大正末期〜昭和の北山田から 第10回 都筑区の歴史を紐解く 文・絵 男全(おまた)冨雄(『望郷』から引用)
空襲【3】
北山田が焼夷弾で火の海になったのは、それから間もなくだった。
東山田の準工業地区が一部かかっているが、そこには海軍倉庫が幾棟かあった。陸軍の照空隊とともに並んであったため、攻撃目標になり、夜、山田富士の周辺の重代辺りから焼夷弾が落とされ、田圃も山も真っ赤に燃えあがってしまった。
空は照明弾が投下され、高射砲の炸裂、破片がバラバラ落ちて、電波妨害のアルミのテープもカサカサと落ちてくるのが、昼間のように見えた。私は鉄兜をかぶり、夢中で本家の方へ走ったら、もう本家の周りは火の海で、叔父さんが大声で「誰か来てくれ」と、どなっているのが真っ赤な中に影絵のように浮き出ていたが、落下物が多く立ちすくんでしまった。
すると、神無谷戸方面から、ものすごい火の手があがり、ついに農家に被害が出たらしく、待機していた警防団が手押しポンプを引いて神無坂を途中まで駆け上がって行った。
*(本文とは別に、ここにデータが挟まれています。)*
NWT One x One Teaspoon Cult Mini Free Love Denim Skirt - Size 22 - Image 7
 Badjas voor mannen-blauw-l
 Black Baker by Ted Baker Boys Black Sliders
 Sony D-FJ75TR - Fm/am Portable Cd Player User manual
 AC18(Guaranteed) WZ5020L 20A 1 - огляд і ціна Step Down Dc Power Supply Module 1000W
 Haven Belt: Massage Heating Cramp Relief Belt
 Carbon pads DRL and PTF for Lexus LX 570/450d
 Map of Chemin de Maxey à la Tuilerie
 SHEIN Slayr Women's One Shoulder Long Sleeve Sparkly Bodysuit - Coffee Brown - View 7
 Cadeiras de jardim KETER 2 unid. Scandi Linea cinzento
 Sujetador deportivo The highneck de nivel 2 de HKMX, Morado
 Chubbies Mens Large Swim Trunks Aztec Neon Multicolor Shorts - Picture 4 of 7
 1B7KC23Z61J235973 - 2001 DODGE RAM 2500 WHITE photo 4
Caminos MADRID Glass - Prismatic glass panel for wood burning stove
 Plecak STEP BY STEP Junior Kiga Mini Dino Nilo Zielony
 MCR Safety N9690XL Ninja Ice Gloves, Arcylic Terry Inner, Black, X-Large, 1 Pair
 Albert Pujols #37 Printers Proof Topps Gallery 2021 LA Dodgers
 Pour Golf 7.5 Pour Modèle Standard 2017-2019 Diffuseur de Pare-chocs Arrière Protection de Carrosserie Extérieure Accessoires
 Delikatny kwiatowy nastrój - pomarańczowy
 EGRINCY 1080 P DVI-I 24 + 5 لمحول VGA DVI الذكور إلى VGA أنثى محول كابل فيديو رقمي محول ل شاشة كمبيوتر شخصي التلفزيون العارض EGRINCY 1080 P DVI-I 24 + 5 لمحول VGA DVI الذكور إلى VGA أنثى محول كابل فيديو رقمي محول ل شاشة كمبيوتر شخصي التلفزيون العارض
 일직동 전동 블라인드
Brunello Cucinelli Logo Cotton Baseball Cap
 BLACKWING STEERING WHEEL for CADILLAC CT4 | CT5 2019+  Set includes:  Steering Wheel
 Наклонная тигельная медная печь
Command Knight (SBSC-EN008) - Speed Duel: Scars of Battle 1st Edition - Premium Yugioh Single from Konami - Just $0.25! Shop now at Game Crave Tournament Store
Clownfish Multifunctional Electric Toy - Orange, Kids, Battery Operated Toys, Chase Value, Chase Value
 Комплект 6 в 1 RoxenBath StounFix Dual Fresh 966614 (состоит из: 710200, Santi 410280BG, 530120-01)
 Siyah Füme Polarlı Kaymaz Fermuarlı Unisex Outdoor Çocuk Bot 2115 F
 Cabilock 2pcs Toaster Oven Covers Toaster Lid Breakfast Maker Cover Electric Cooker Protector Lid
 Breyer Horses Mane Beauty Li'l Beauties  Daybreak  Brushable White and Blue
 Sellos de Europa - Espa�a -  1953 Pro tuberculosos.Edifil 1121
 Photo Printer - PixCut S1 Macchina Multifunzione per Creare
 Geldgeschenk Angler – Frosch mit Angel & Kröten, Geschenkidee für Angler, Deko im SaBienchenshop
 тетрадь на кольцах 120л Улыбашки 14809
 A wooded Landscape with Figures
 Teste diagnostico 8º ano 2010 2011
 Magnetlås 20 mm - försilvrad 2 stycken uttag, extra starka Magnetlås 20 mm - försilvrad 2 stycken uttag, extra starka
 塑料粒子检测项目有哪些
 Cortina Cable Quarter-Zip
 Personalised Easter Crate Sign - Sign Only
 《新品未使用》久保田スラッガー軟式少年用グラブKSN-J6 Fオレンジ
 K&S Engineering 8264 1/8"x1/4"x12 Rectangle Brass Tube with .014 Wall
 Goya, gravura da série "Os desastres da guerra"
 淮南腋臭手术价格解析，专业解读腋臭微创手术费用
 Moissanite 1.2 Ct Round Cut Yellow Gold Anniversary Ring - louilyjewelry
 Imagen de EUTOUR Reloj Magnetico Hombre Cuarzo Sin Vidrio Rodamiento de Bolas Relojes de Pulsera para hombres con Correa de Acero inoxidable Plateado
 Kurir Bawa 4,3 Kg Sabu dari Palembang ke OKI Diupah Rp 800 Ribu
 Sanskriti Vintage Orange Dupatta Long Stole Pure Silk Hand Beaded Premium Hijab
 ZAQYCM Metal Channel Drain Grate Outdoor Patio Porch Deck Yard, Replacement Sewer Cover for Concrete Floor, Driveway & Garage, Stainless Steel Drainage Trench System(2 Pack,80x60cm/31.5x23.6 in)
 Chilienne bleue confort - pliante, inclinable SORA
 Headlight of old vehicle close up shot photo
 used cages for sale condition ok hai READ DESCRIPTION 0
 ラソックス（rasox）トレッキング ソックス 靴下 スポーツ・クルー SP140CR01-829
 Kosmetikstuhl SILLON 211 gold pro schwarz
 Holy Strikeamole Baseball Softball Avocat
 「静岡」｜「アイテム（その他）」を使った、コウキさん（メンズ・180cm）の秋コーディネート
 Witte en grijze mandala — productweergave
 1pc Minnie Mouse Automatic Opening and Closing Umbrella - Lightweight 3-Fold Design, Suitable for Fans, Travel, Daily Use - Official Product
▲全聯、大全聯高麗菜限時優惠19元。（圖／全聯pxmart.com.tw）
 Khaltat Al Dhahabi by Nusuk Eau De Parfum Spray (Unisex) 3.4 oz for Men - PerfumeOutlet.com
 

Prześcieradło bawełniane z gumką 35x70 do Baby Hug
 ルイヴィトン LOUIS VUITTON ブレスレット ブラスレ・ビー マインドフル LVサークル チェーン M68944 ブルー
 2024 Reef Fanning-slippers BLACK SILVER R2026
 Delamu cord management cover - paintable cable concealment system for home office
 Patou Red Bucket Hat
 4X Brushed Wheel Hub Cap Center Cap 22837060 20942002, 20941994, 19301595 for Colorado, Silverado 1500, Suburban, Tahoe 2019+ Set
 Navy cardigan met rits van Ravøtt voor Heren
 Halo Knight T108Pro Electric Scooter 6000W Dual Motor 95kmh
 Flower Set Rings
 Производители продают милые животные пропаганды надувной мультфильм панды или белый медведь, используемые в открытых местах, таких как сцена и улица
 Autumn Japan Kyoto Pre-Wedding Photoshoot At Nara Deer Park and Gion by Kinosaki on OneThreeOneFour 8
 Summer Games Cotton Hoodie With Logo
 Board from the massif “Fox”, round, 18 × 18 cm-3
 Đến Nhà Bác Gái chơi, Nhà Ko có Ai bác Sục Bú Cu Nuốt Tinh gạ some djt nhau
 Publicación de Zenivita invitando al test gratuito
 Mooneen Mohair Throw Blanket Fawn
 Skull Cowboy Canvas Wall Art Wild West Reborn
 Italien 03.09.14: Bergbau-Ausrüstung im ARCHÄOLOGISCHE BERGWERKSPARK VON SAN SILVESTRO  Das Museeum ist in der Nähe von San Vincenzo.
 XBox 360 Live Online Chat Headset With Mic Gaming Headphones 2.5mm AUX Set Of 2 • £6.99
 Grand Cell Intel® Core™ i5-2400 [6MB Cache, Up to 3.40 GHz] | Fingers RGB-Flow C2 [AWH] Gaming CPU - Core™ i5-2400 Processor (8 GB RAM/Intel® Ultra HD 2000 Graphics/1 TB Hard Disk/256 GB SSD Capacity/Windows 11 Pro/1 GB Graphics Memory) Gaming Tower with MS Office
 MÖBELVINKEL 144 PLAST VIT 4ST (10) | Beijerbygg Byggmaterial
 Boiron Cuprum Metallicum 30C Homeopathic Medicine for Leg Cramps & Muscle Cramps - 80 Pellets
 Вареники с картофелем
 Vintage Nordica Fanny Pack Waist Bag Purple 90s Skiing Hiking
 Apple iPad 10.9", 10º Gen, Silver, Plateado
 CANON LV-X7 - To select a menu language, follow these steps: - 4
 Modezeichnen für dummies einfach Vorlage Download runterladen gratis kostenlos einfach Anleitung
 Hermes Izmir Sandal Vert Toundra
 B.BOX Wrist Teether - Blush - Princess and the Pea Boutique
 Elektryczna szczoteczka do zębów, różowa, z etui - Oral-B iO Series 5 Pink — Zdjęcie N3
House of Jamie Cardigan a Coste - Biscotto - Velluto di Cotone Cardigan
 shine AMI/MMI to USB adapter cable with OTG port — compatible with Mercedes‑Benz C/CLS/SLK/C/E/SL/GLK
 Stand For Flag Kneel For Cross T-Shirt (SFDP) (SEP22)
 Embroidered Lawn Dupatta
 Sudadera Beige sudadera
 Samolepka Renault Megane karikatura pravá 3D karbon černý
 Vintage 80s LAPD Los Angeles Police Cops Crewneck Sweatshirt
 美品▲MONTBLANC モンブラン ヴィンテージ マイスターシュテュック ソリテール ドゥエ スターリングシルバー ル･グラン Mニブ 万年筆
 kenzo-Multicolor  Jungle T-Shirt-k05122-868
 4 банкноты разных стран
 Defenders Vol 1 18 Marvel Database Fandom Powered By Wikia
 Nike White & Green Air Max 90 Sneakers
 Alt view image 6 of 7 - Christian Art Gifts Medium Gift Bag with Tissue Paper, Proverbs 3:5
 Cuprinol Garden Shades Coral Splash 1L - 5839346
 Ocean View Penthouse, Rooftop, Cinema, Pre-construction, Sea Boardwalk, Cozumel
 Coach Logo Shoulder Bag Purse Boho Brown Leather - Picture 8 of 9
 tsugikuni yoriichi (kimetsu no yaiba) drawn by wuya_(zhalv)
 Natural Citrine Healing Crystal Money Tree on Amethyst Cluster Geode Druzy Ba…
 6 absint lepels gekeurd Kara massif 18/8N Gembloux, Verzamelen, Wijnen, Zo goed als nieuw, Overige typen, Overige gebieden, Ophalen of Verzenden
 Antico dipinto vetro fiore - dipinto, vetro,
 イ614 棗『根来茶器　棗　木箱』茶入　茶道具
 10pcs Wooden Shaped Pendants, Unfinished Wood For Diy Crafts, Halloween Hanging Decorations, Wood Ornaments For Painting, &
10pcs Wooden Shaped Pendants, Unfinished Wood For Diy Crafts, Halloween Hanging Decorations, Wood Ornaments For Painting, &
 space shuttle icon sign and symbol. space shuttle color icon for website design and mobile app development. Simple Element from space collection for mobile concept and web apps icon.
今度は稲荷谷戸方面の住宅から火の手が上がり、坂の途中で迷っていたが応援の警防団が続々駆けつけてきた。地元の者は自分の家に落ちてくる焼夷弾を防ぐのが精一杯だった。ほとんどの家では、草屋根を突き抜け、床の間に、廊下に落ちたが、初期消火が早く助かった。働き盛りの人はいなく、女老人子供が多かった。
神無谷戸の農家はご主人は六二部隊(馬絹)に入隊されており、「山田方面が相当やられているな、家は大丈夫かなと、煙がよく見えたので心配だった」、と翌日全焼の一報が部隊に入り、整理に二、三日休暇で帰られて話された。